Technisch platform
Chemoproteomics heeft de ontdekking van medicijndoelen geavanceerd, vooral met op chemische sondes gebaseerde platforms. Uitdagingen zoals complexe synthese, lage opbrengst, hoge kosten en onbekende SAR van medicijnmoleculen belemmeren echter de vooruitgang.
Het fotoaffiniteitsmagnetische kralenplatform pakt deze problemen aan door actieve medicijnmoleculen via UV-verlichting op functionele magnetische kralen te immobiliseren, waardoor de noodzaak voor een chemisch sondeontwerp wordt geëlimineerd. Dit zorgt voor een specifieke binding tussen het medicijn en zijn doeleiwit. Na incubatie met het proteoom verrijken en isoleren de kralen de doeleiwitten van geneesmiddelen, die vervolgens worden geanalyseerd door immunoblotting en massaspectrometrie.
Platformfuncties
Casestudy
Om de doelwitten van staurosporine (Stau) te valideren, hebben we het geïmmobiliseerd op het oppervlak van fotoaffiniteitsgemodificeerde functionele magnetische kralen (Stau-kralen). Vervolgens hebben we de Stau-kralen met het hele proteoom geïncubeerd, waarbij we Fmoc-kralen als controlegroep gebruikten. De resulterende Western blot (WB)-resultaten worden weergegeven in de onderstaande figuur, wat aangeeft dat Stau-kralen het doeleiwit FECH (een bekend positief doelwit) effectief verrijkten.

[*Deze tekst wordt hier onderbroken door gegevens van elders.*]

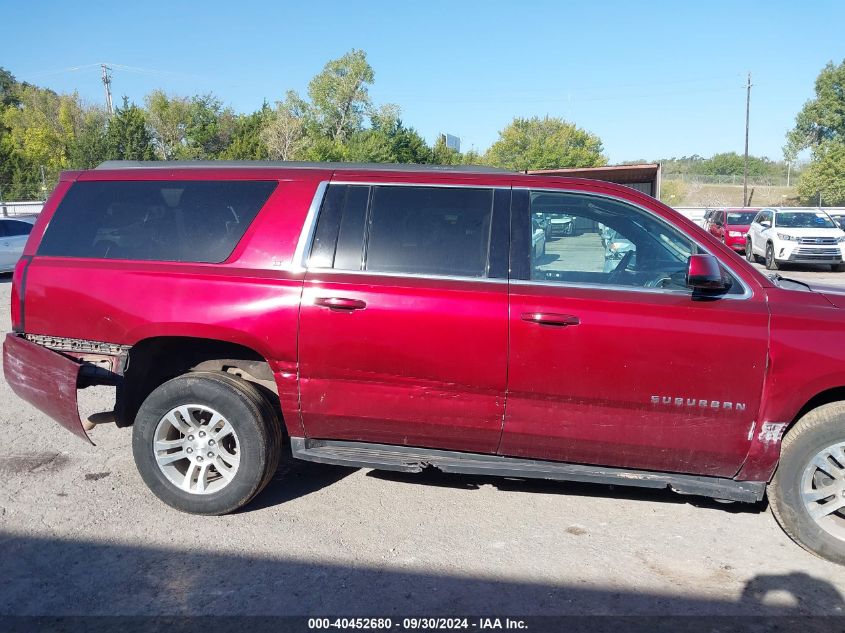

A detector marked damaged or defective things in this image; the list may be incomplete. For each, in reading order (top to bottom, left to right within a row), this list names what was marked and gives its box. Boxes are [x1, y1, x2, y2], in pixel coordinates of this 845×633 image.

Vervolgens hebben we de met Fmoc-kralen en Stau-kralen verrijkte en gescheiden eiwitten onderworpen aan enzymatische vertering en massaspectrometrie-analyse. We vergeleken kwantitatief de intensiteitsverschillen van eiwitten tussen de experimentele groep (Stau-beads) en de controlegroep (Fmoc-beads). De resultaten toonden aan dat alle bekende positieve doeleiwitten significant verrijkt waren in de Stau-beads-groep, wat de effectiviteit van de methode bevestigde.